Hello!
I’m working on molecular dinamics project, and want to speed up the calculations of acceleration.
When i run kernel with 1177 blocks and 16 threads per block I faced an exception below.
If i reduce blocks/thread_per_block number then program runs correctly.

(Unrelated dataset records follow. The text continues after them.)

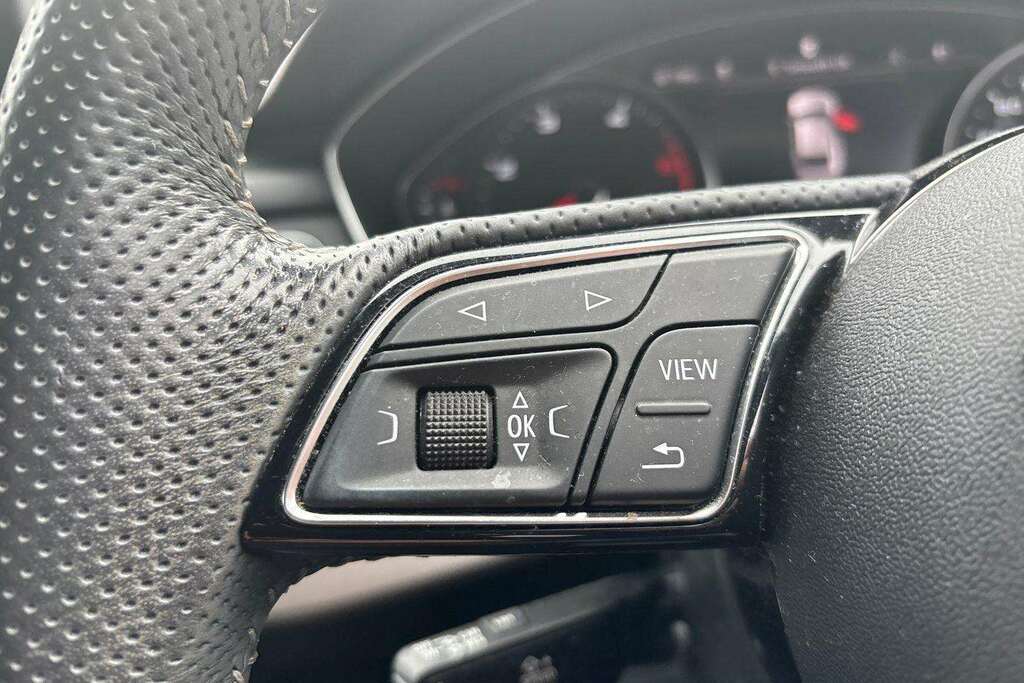 Audi A5 2.0 Tdi Ultra Sport Black #16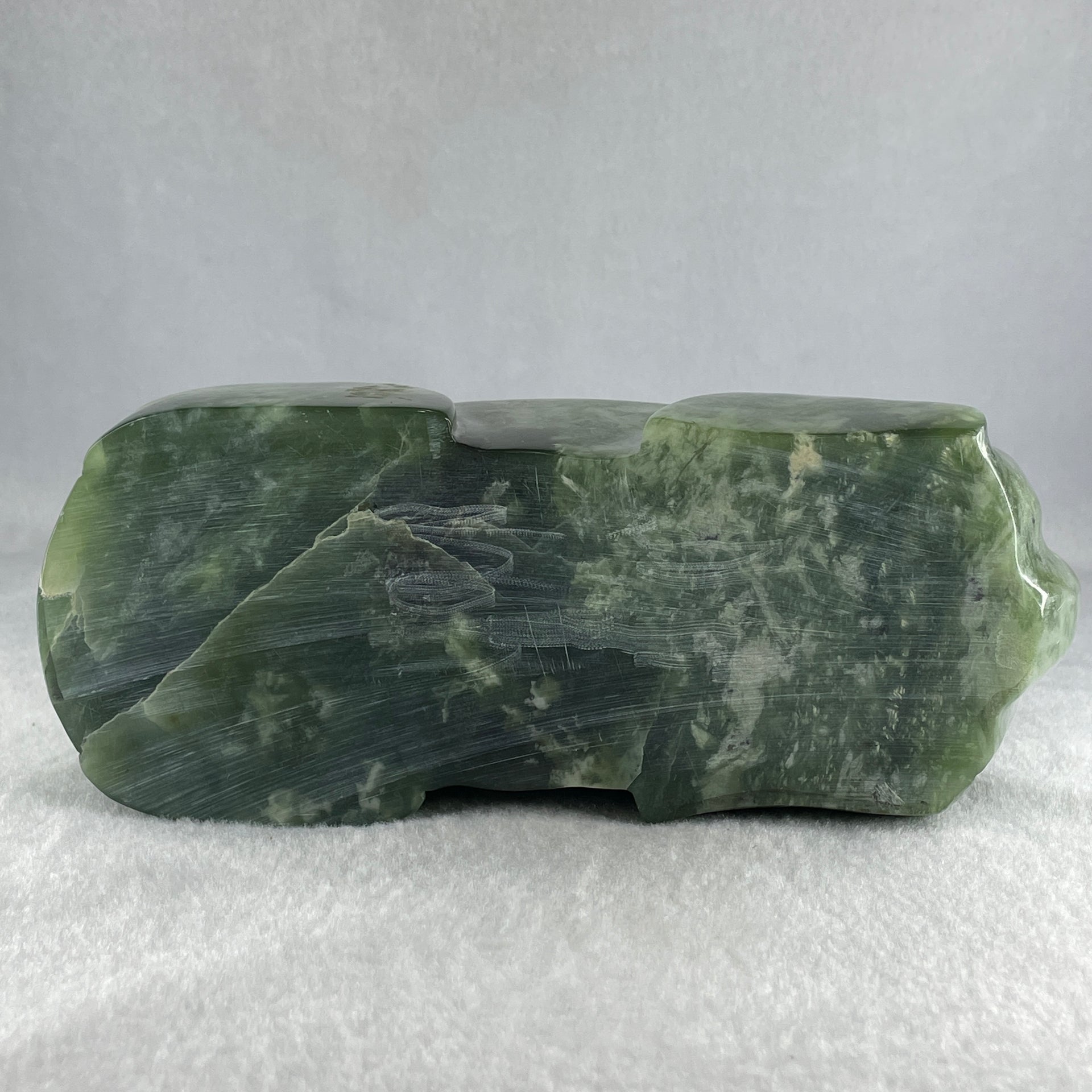 Natural Green Serpentine Camel Display 2,325.5g 189.0 by 75.0 by 155.0mm - Huangs Jadeite and Jewelry Pte Ltd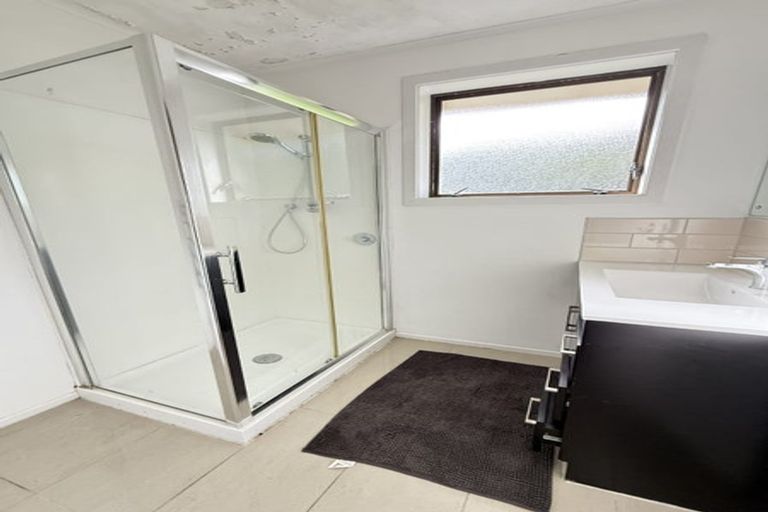 Photo of property in 1/18 Cypress Place, Sunnynook, Auckland, 0620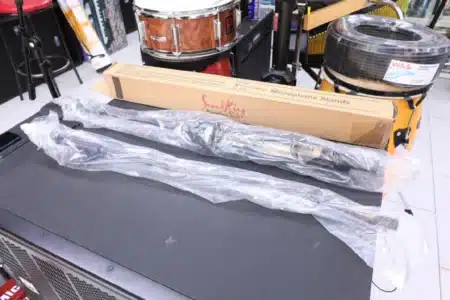Soundking DD 005 mic stand sale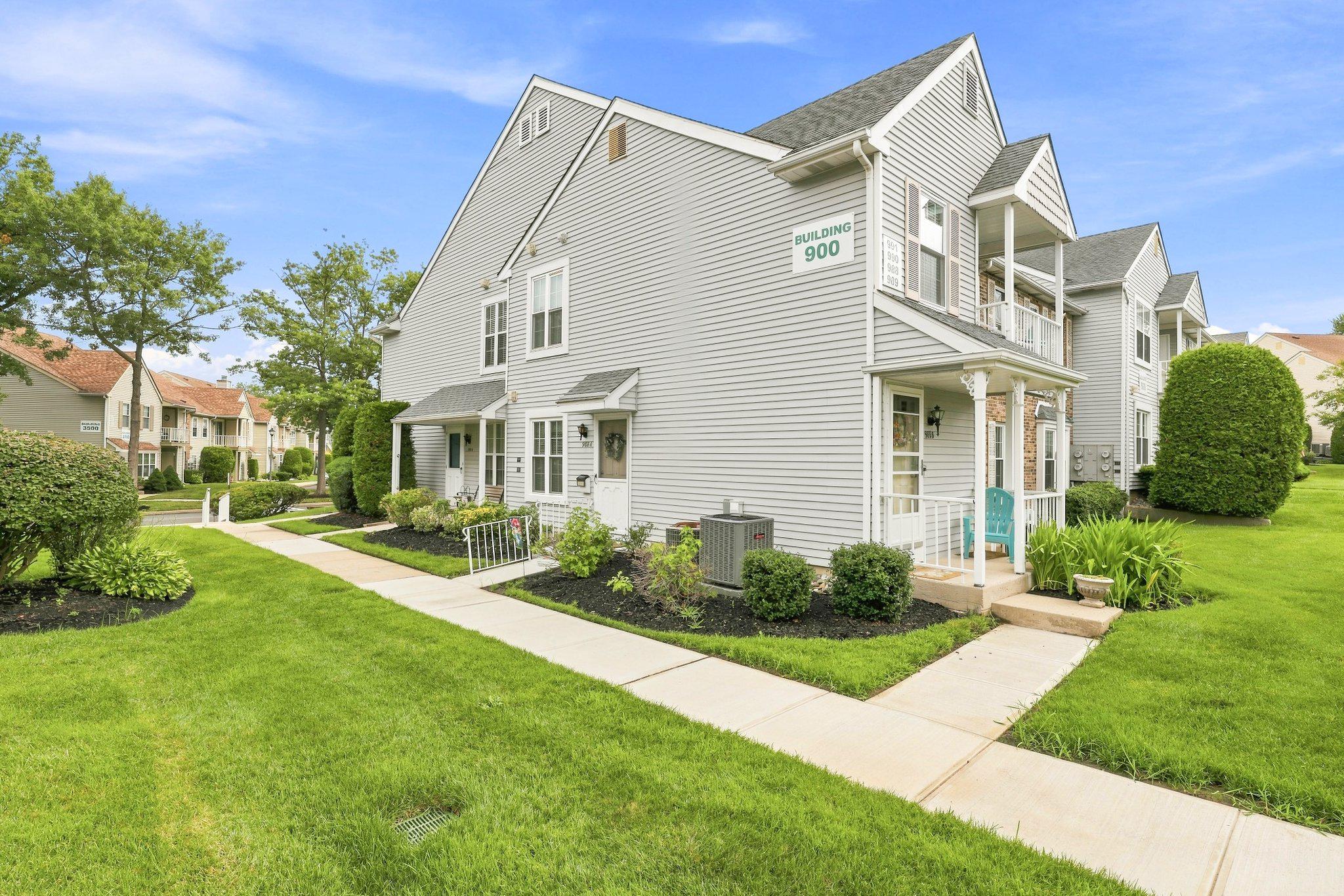988-A Scotswood Ct — photo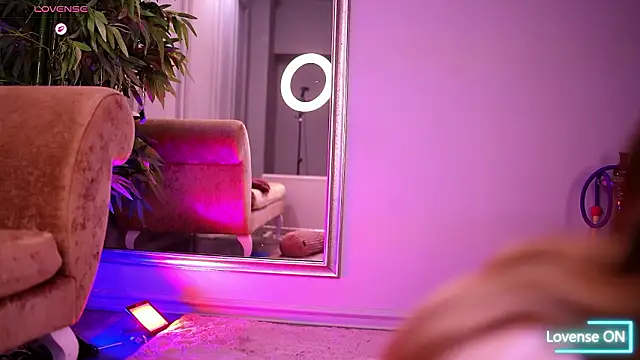 Snapshot of SiennaJayden chatting on January 15, 2026, 6:33 pm SiennaJayden online show from January 15, 2026, 6:33 pm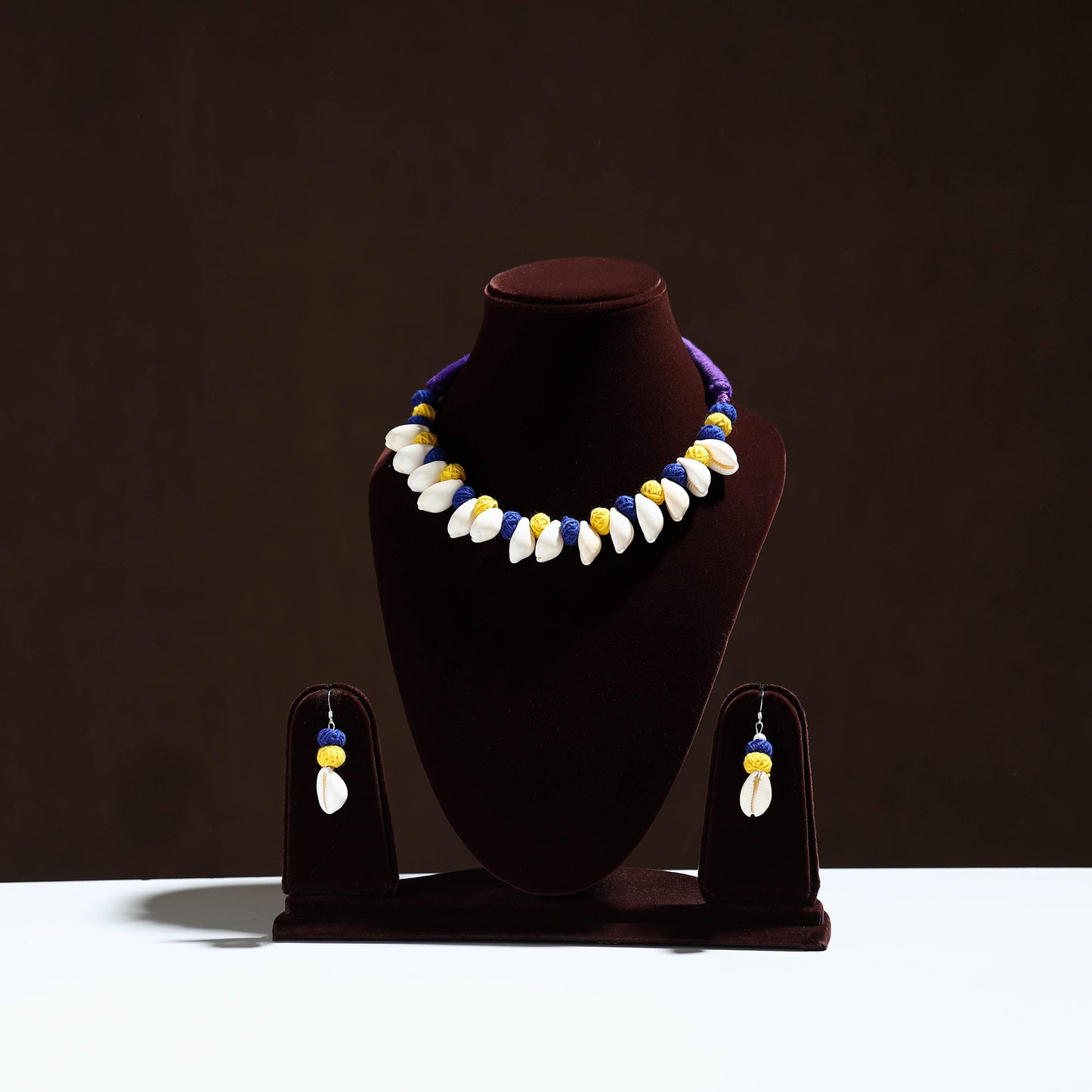 Multicolor - handcrafted shell & thread work necklace set 07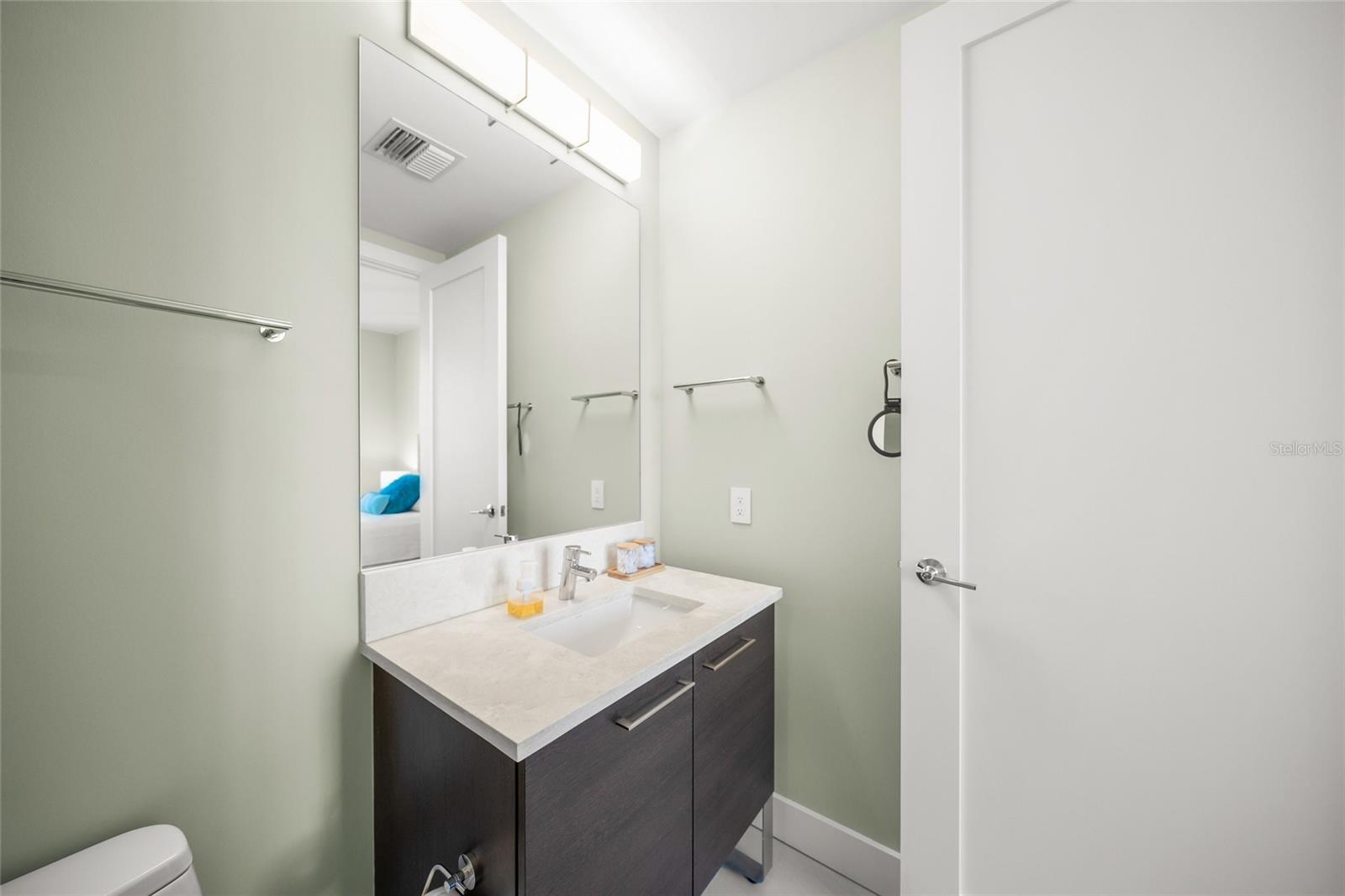 Image 48 of 94 For 1155 Gulfstream Avenue 1006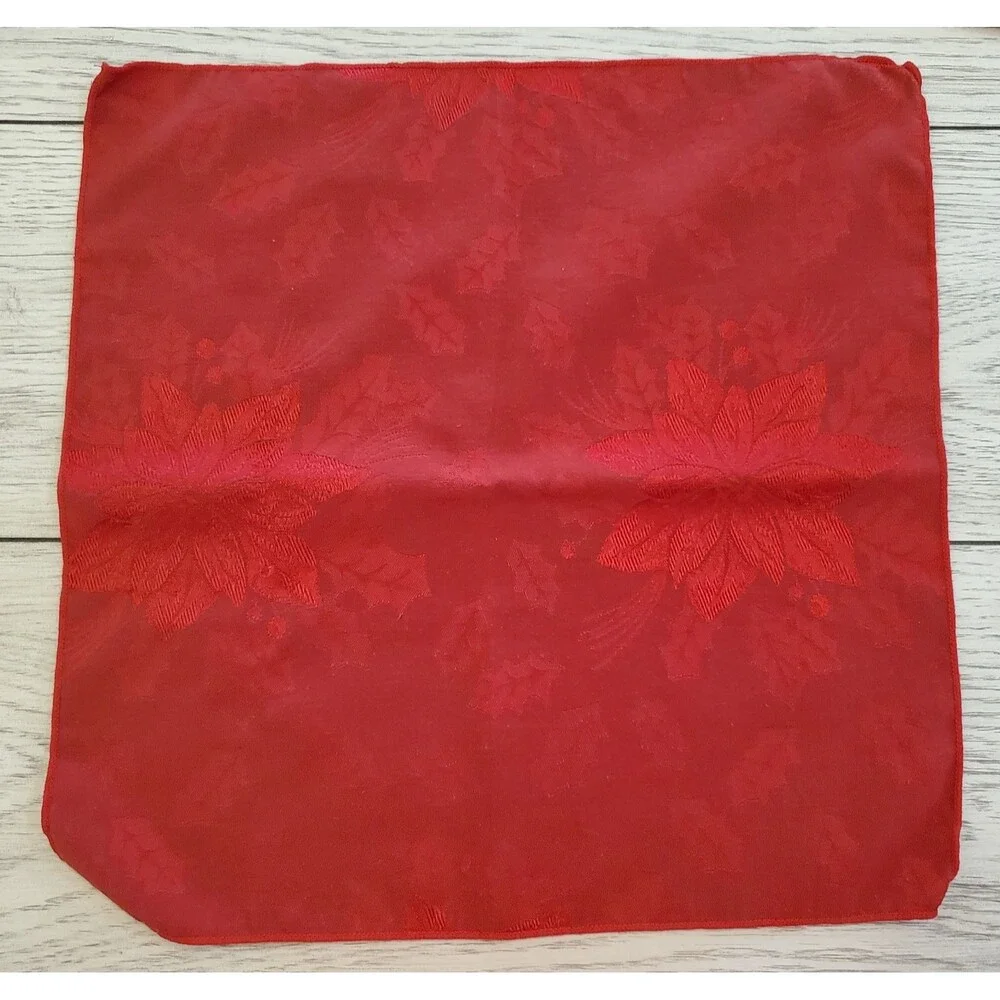 Martha Stewart Everyday Red Poinsettia & Holly Cloth Napkins Set of 4 Vintage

Exception thrown at 0x00D79C23 (nvcuda.dll) in Proj_gpu_Accel.exe: 0xC0000005: Access violation reading location 0x00A21000.
Device:
Quadro 3000M
Heres th piece of code:
Kernel:
__global__ void Accel_gpu(double *d_x, double *d_y, double *d_ax, double *d_ay,
int N, double Lx, double Ly) {
//int idx = threadIdx.x;
int idx = threadIdx.x + blockIdx.x * blockDim.x;
double dx, dy, temp;
int sgn_dx, sgn_dy;
double *r = new double[N];
double *g = new double[N];
//----------------------------
//some calculations
Function that I used to call kernel:
void Accel_use_gpu(double *x, double *y, double *ax, double *ay, int N, double Lx, double Ly) {
const int Bytes_for_Threads = 6 * (N) * sizeof(double);
double *d_x, *d_y, *d_ax, *d_ay;
cudaMalloc((void**)&d_x, Bytes_for_Threads);
cudaMalloc((void**)&d_y, Bytes_for_Threads);
cudaMalloc((void**)&d_ax, Bytes_for_Threads);
cudaMalloc((void**)&d_ay, Bytes_for_Threads);
cudaMemcpy(d_x, x, Bytes_for_Threads, cudaMemcpyHostToDevice);
cudaMemcpy(d_y, y, Bytes_for_Threads, cudaMemcpyHostToDevice);
cudaMemcpy(d_ax, ax, Bytes_for_Threads, cudaMemcpyHostToDevice);
cudaMemcpy(d_ay, ay, Bytes_for_Threads, cudaMemcpyHostToDevice);
Accel_gpu << < 1177, 16 >> > (d_x, d_y, d_ax, d_ay, N, Lx, Ly);
cudaMemcpy(ax, d_ax, Bytes_for_Threads, cudaMemcpyDeviceToHost);
cudaMemcpy(ay, d_ay, Bytes_for_Threads, cudaMemcpyDeviceToHost);
cudaFree(d_x); cudaFree(d_y); cudaFree(d_ax); cudaFree(d_ay);
}
Please, help me, how can i increase the amount of machining memory, my Quadro3000M have
Max threads per block = 1024 and Max grid size = 65535.